TASK GOAL: The lines to copy run from the one containing "Baker putting a" to the end of the listing. Please write them out exactly, minus the pictures.

STORED DATA:
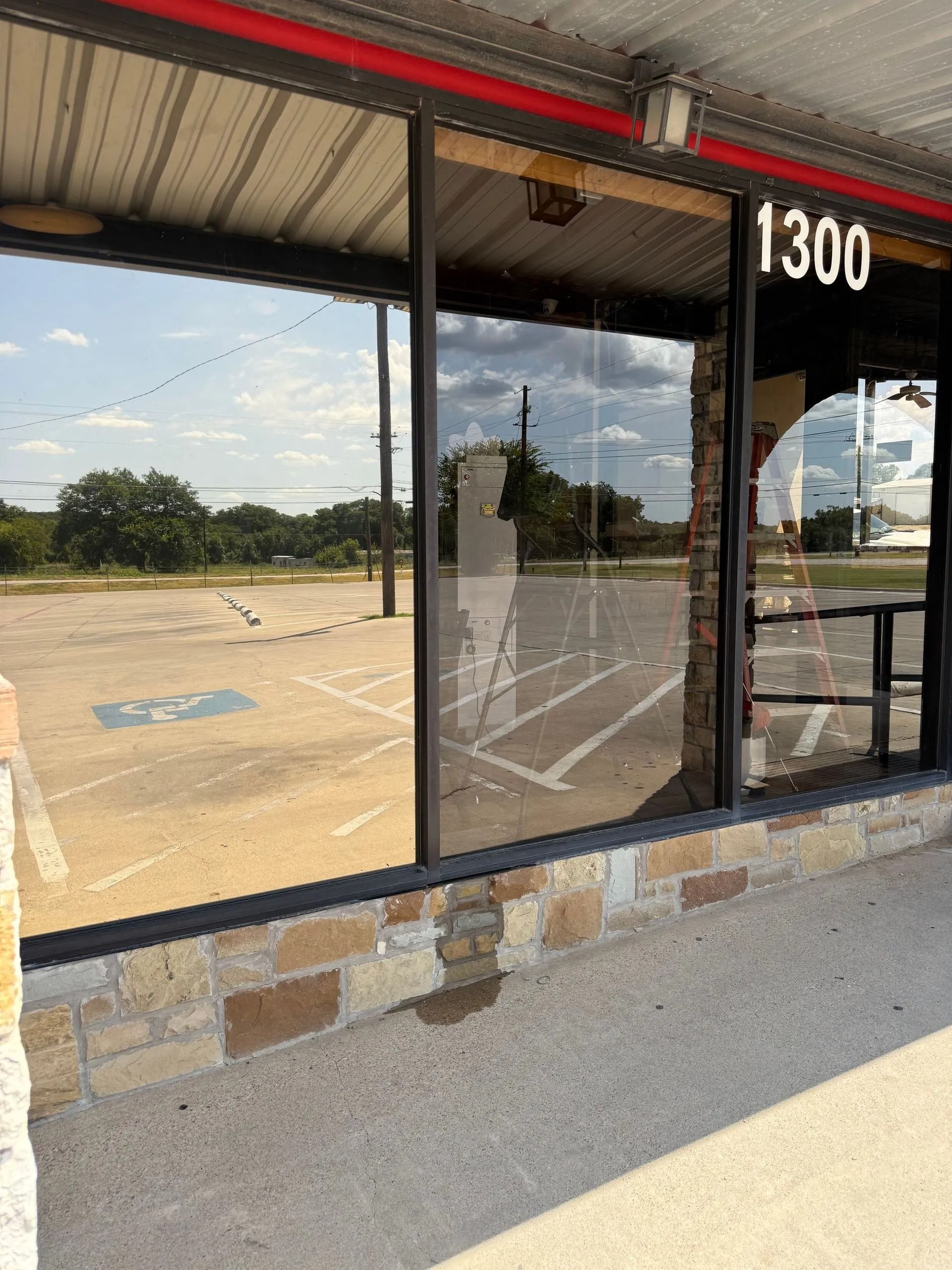 Storefront with large windows reflecting a parking lot and sky. Building has stone and brick exterior.
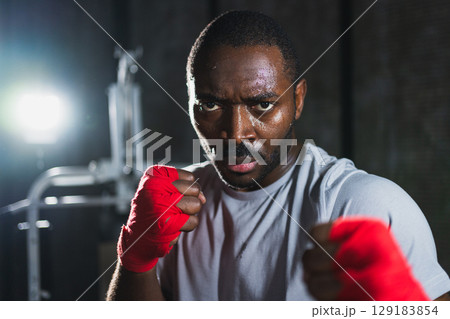 Boxer in gym. Aggressive African man fighter resting after training boxing ready for fight looking at camera. Strong sweated man training punches looking concentrated straight preparing for sparring 129183854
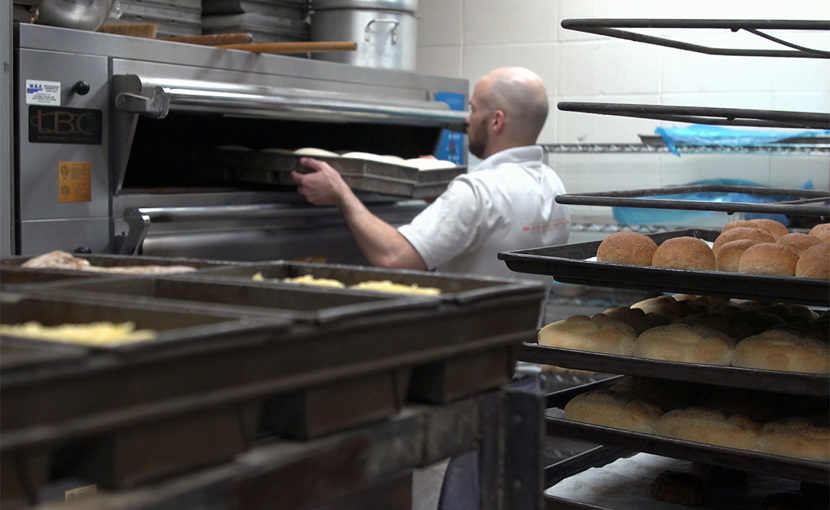 Baker putting a tray of goods into a commercial oven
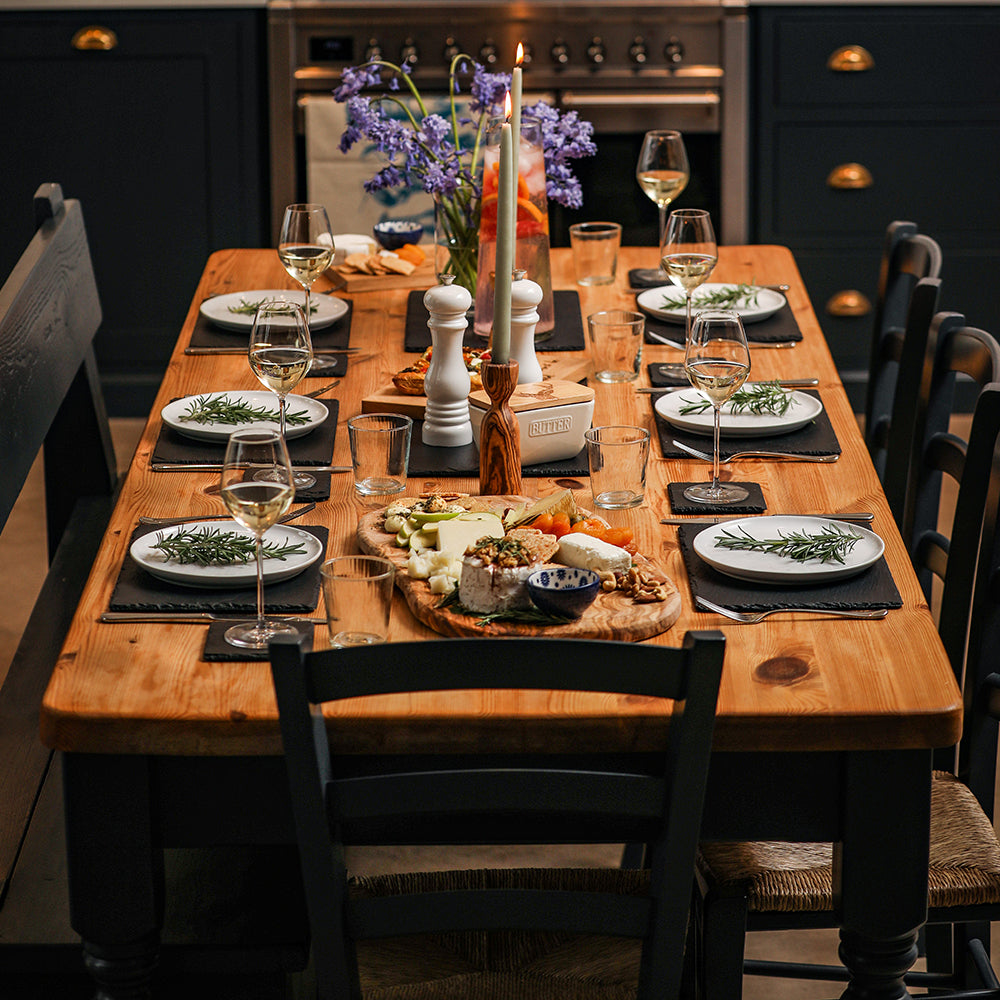 Wooden dining table set with dark blue cabinets and black chairs featuring square slate coasters in gift box centerpiece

EXERCISE RESULT:
 Baker putting a tray of goods into a commercial oven
 Wooden dining table set with dark blue cabinets and black chairs featuring square slate coasters in gift box centerpiece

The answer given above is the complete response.